Entries provided ::
********
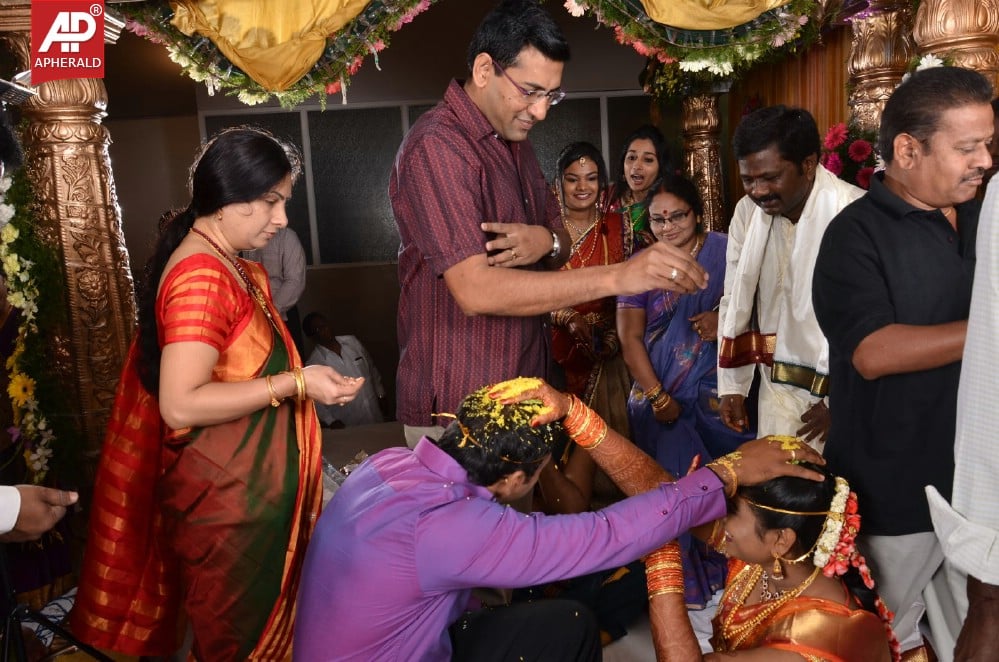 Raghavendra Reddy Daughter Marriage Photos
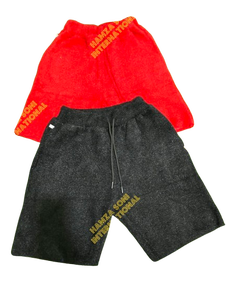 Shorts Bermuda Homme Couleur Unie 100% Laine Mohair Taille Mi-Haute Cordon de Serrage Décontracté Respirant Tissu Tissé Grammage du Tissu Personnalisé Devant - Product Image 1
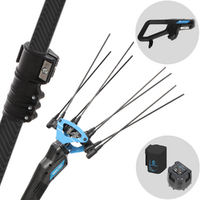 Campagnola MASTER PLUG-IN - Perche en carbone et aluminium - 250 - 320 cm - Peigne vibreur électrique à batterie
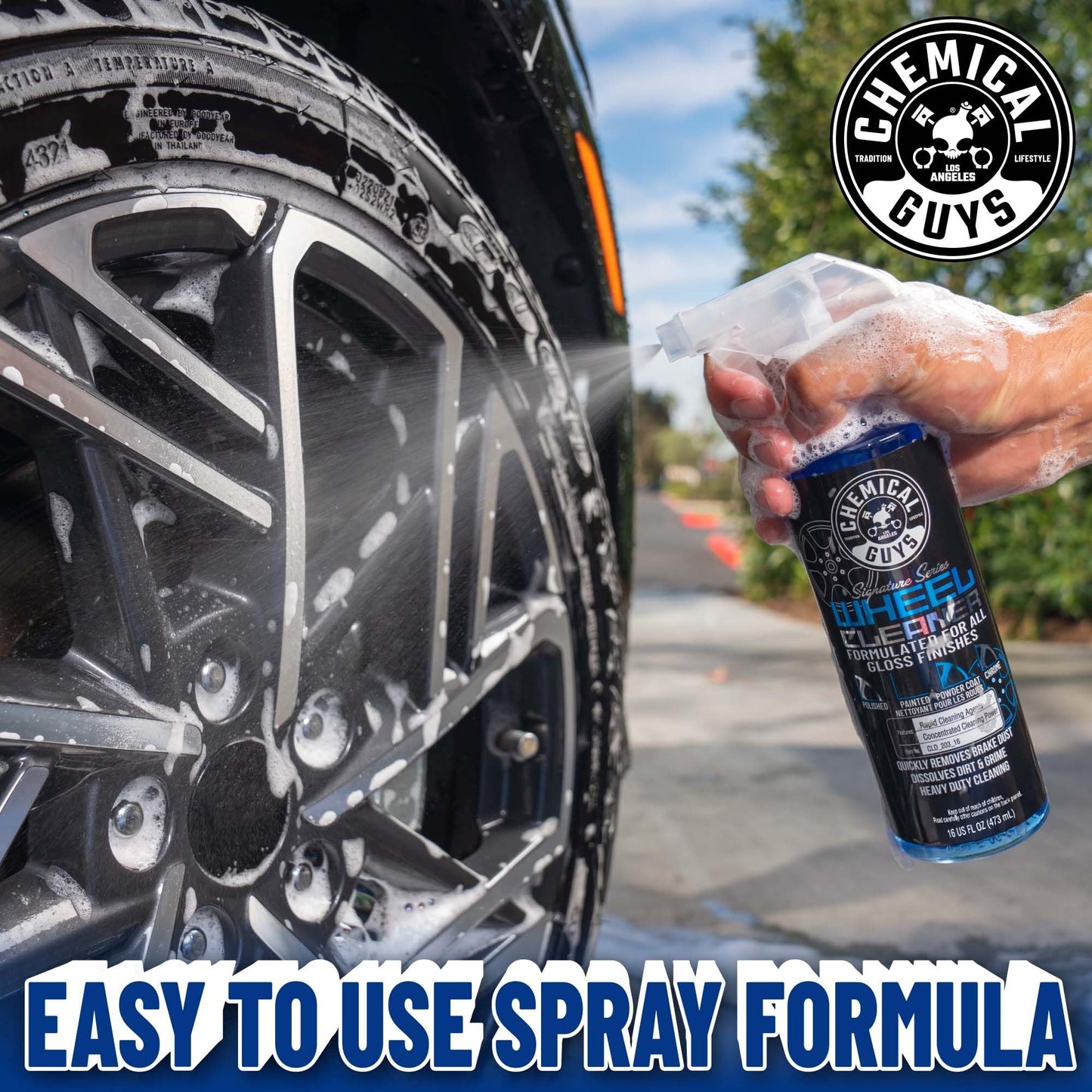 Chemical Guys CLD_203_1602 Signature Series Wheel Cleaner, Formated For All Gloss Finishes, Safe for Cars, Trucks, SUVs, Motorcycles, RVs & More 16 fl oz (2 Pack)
********
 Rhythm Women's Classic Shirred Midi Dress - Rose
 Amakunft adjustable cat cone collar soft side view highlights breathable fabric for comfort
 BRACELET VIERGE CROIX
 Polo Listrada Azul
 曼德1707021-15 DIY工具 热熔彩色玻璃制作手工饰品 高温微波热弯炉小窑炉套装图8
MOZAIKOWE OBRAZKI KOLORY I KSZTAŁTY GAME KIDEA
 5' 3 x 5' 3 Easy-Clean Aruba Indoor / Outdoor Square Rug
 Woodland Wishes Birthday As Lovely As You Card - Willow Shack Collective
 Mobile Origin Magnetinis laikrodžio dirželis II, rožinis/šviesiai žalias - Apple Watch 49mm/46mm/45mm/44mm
********
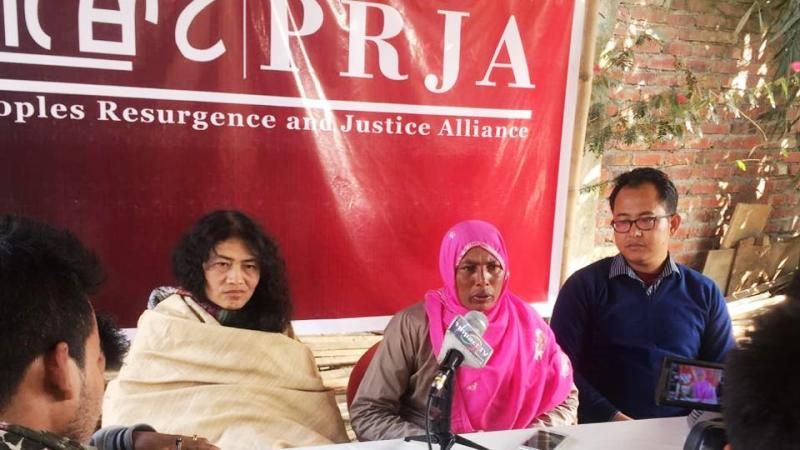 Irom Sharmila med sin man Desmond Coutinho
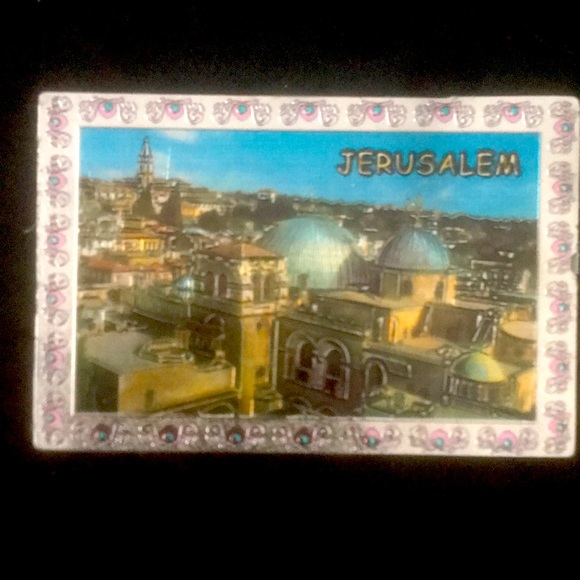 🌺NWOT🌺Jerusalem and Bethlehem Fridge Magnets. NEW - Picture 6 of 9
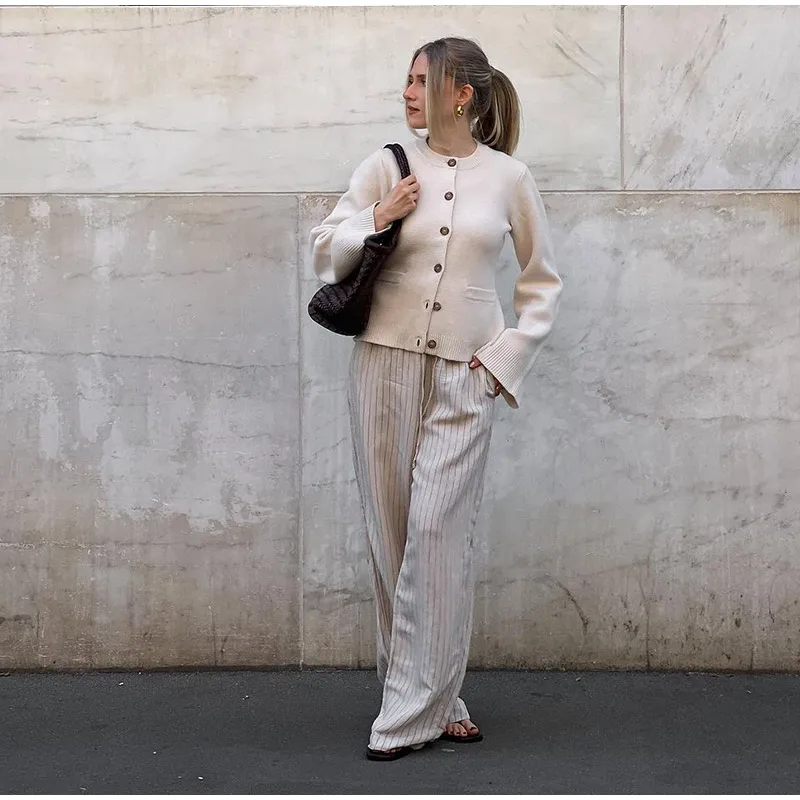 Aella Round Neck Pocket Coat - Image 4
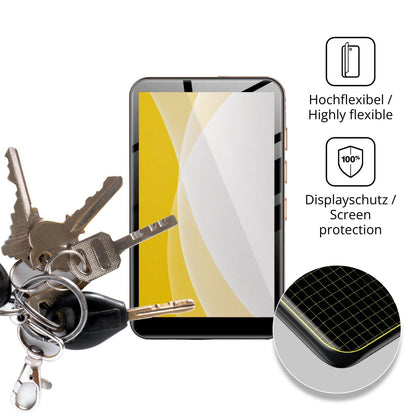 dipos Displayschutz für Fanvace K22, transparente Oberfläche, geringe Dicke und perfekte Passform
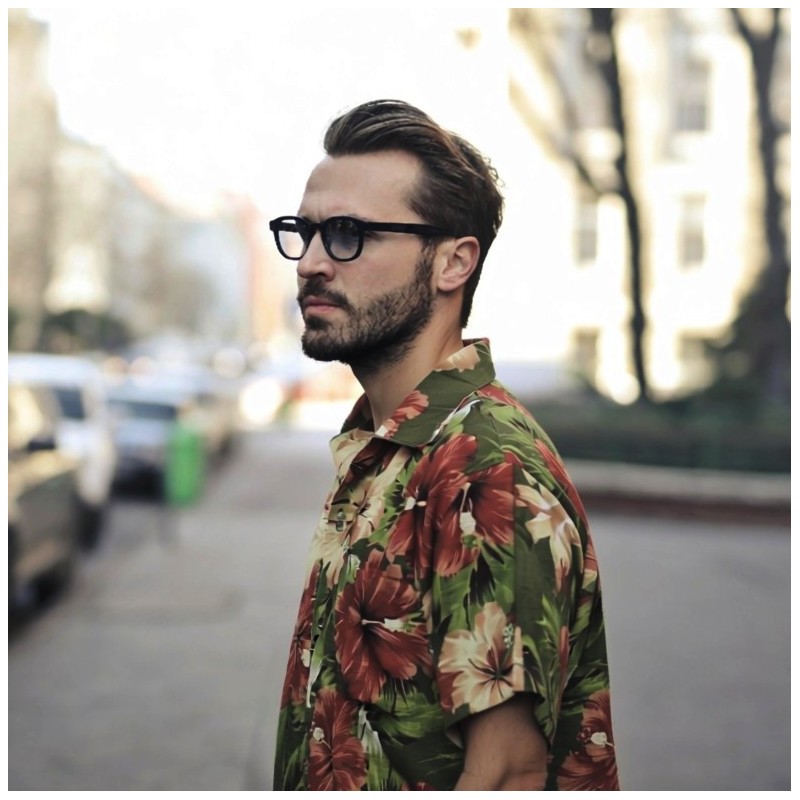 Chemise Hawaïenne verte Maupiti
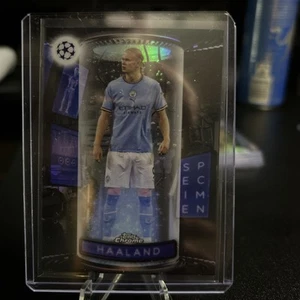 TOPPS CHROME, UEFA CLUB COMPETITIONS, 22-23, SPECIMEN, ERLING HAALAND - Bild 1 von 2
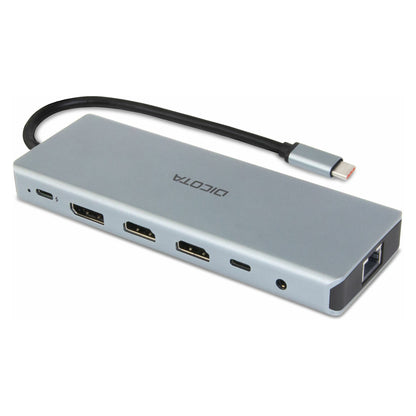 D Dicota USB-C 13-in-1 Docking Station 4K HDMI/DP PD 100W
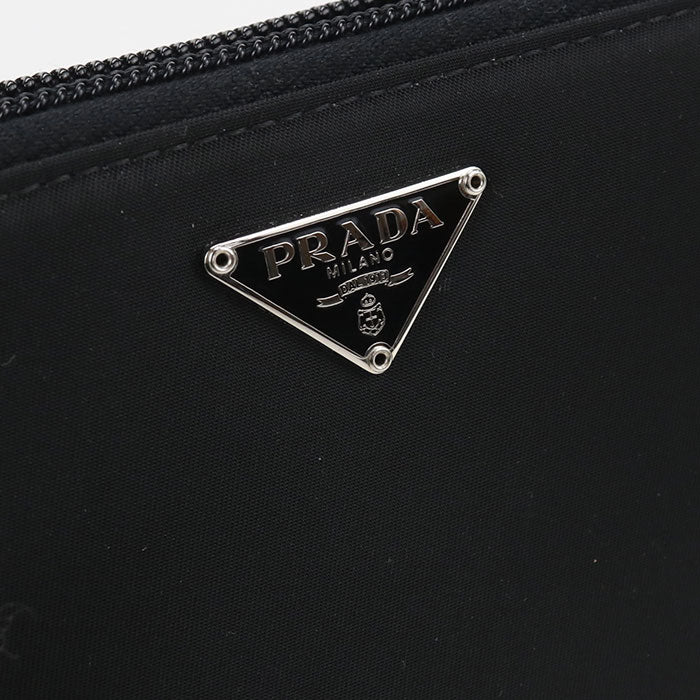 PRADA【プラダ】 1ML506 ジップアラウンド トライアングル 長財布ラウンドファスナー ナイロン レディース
********
Brief :: Repeat exactly the lines above, from the line that contains "Raghavendra Reddy Daughter Marriage Photos" down through the line that contains "Chemical Guys CLD_203_1602". Include both of those lines and none of the pictures.

Task output ::
 Raghavendra Reddy Daughter Marriage Photos
 Shorts Bermuda Homme Couleur Unie 100% Laine Mohair Taille Mi-Haute Cordon de Serrage Décontracté Respirant Tissu Tissé Grammage du Tissu Personnalisé Devant - Product Image 1
 Campagnola MASTER PLUG-IN - Perche en carbone et aluminium - 250 - 320 cm - Peigne vibreur électrique à batterie
 Chemical Guys CLD_203_1602 Signature Series Wheel Cleaner, Formated For All Gloss Finishes, Safe for Cars, Trucks, SUVs, Motorcycles, RVs & More 16 fl oz (2 Pack)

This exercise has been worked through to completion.